The Pakistani Patient
I was then a young boy of 19, on the run from the war in the North, who had found an unexpected patron in an old wiry Khan Saheb who had apparently known my grandfather during the turmoil of the Afghan Wars. One morning, the Khan Saheb barged into my room when I was still enfulged by sleep and told me that there was an old woman I would have to attend to from that morning. He took me to Peshawar's Military Hospital even as the 8 o'clock army siren was piercing through the morning sky.
She was wrapped up in the purest white linen and was staring at the distant lake through the brown window. When we stepped closer to her, she raised her frail right hand slowly and tried to reach for me. The Khan Saheb whispered to me to move nearer to her. She gently touched my right cheek with her fragile fingers and slowly let them run down to my chin.

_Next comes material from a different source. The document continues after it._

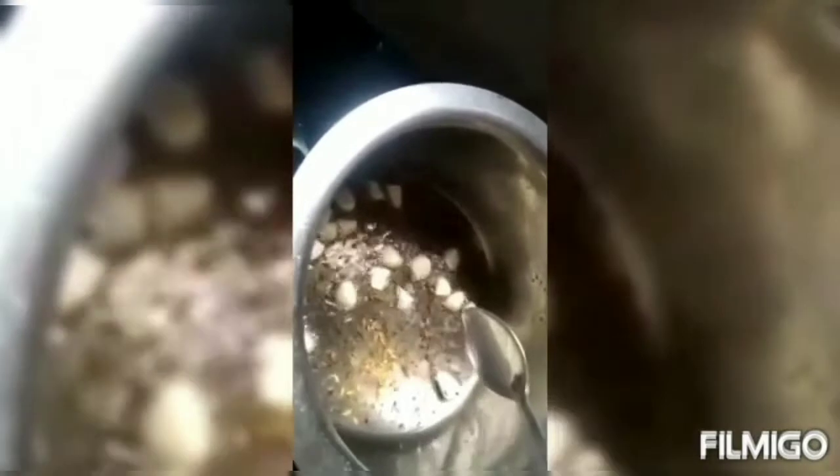For seasoning, add a little oil to another pan, add mustard and cumin seeds, then garlic pieces, and finally add curry leaves. The garlic should reach this color so that it gives a good taste.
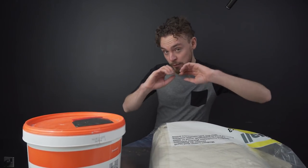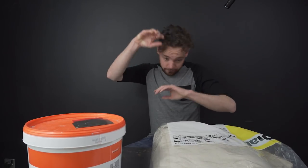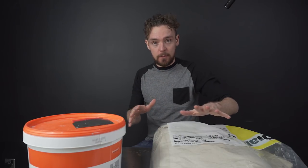No, you've not found yourself watching the shittest knock-off of Blue Peter. Well, a little bit. But what I've got in front of me is the stuff that you're going to need to make two of my favourite kinds of backdrops.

'Ah, Qasim ... Qasim ... Qasim', she softly sighed to herself, and looked out through the window again.
I was there with her during the last three months of her life. When she found out that I could write Urdu, she asked me if I would write down her autobiography as she dictated it to me. For ten weeks, she spoke, in a tirelessly ferocious stream, of various things, events, and people, as I desperately struggled with my pen to keep up with the pace of her narrative.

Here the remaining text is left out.